Start of Block
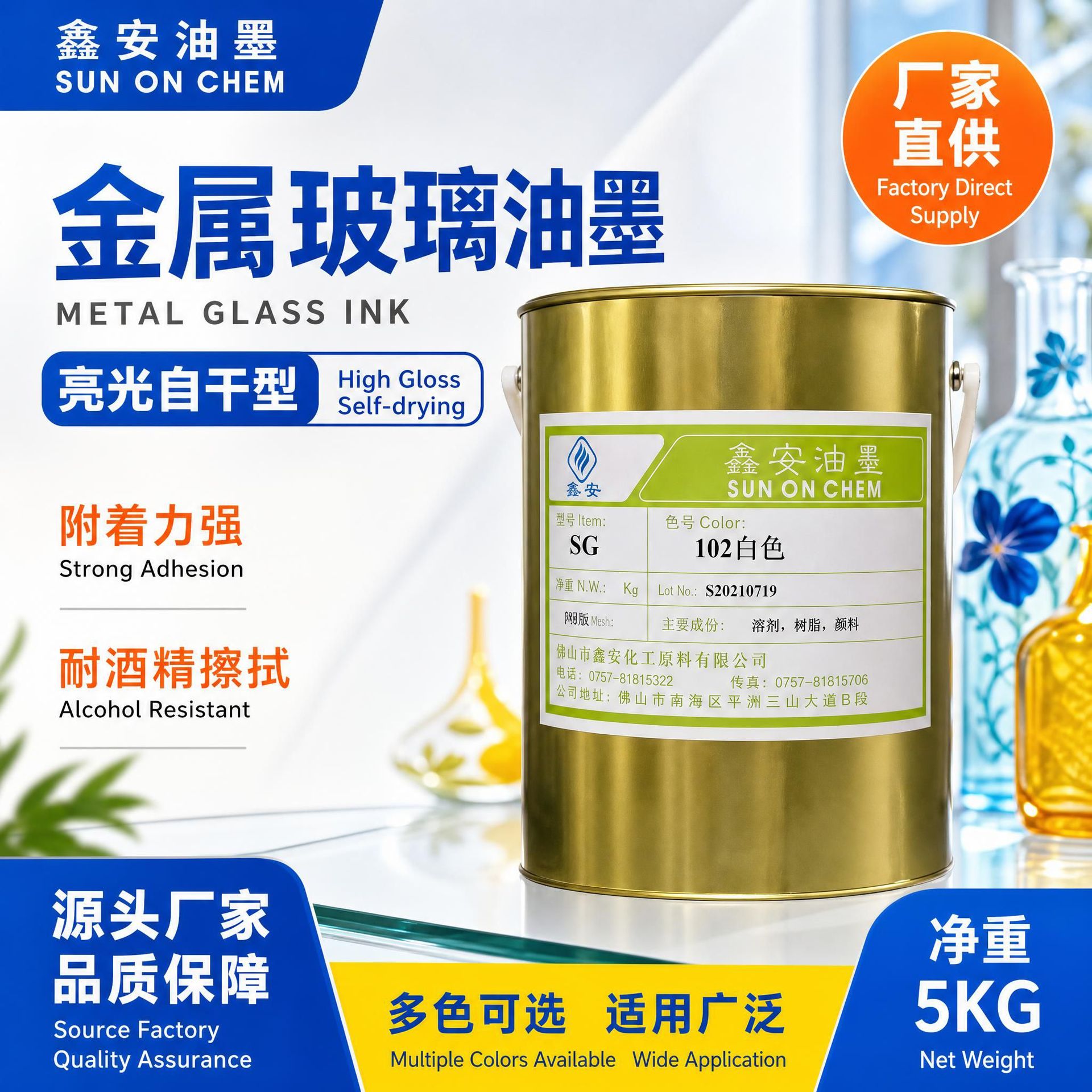 金属油墨 单组分/双组分玻璃油墨 玻璃滚涂油墨亮光自干 耐酒精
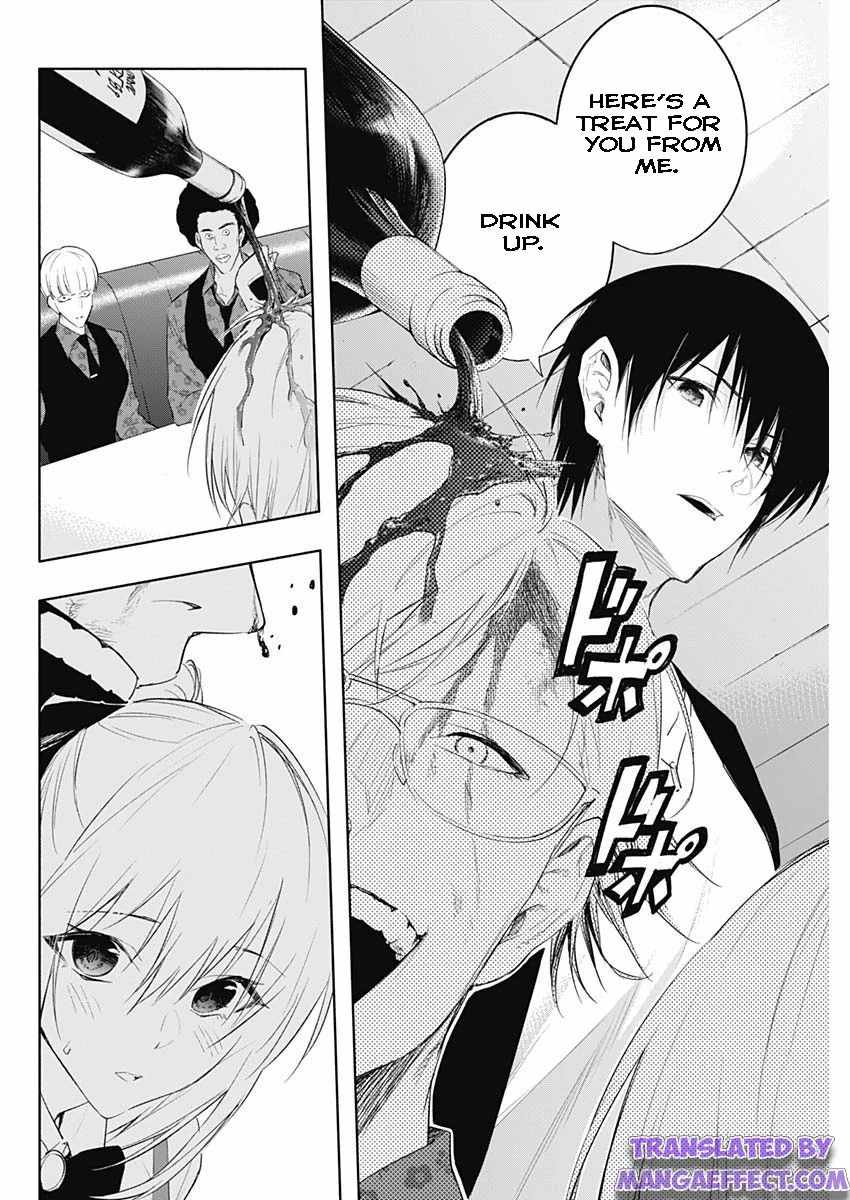 The Irregular of the Royal Academy of Magic chapter 63 page 6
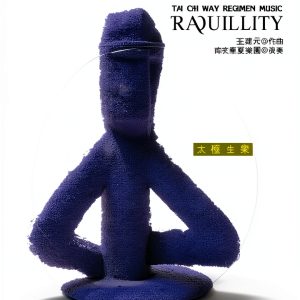 Wind Records Chinese New Age Meditation Music CD 1999 Edition-0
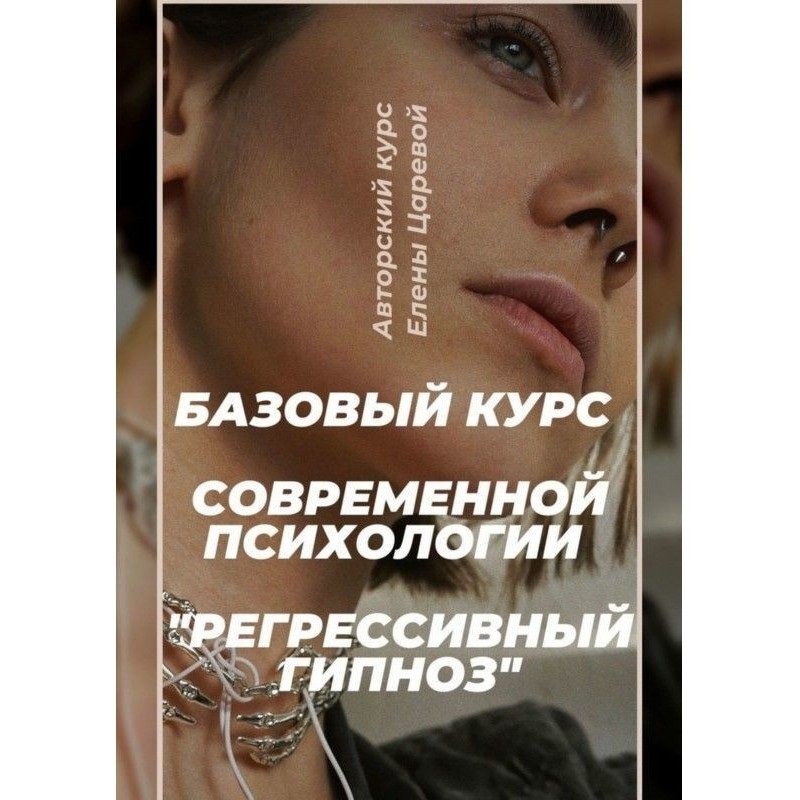 Регресивний гіпноз. Базовий...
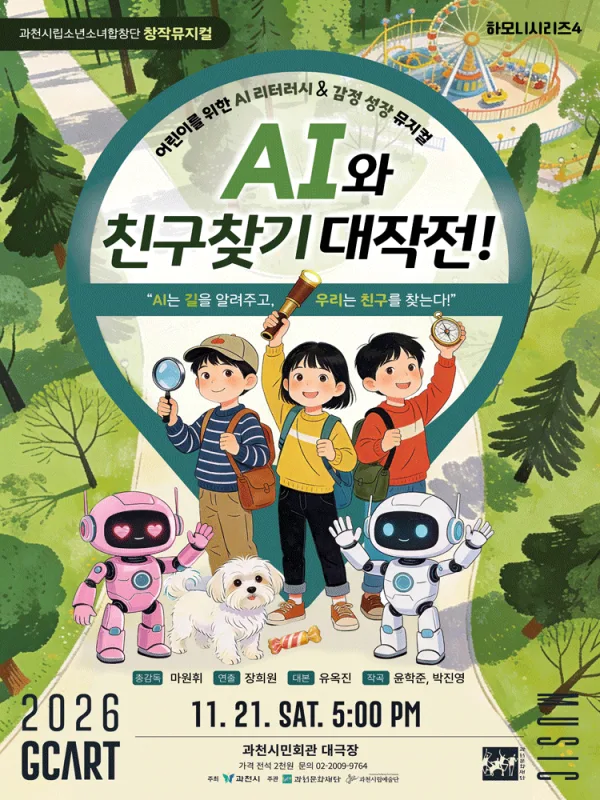 과천시립소년소녀합창단 하모니시리즈4. AI와 친구찾기 대작전! [과천] 공식 포스터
End of Block
* **PROBLEM**
From the line that contains "Wind Records Chinese" through the last line of the entries, transcribe every line exactly, leaving out the pictures.

* **ANSWER TO THIS EXERCISE**
 Wind Records Chinese New Age Meditation Music CD 1999 Edition-0
 Регресивний гіпноз. Базовий...
 과천시립소년소녀합창단 하모니시리즈4. AI와 친구찾기 대작전! [과천] 공식 포스터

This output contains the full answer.